### COLLECTED MATERIAL
——————————
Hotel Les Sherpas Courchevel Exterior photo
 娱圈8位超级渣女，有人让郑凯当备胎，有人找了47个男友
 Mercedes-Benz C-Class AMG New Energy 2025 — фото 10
——————————
The answer should be the full listing, repeated without any change.

### REPLY TO THE EXERCISE
Hotel Les Sherpas Courchevel Exterior photo
 娱圈8位超级渣女，有人让郑凯当备胎，有人找了47个男友
 Mercedes-Benz C-Class AMG New Energy 2025 — фото 10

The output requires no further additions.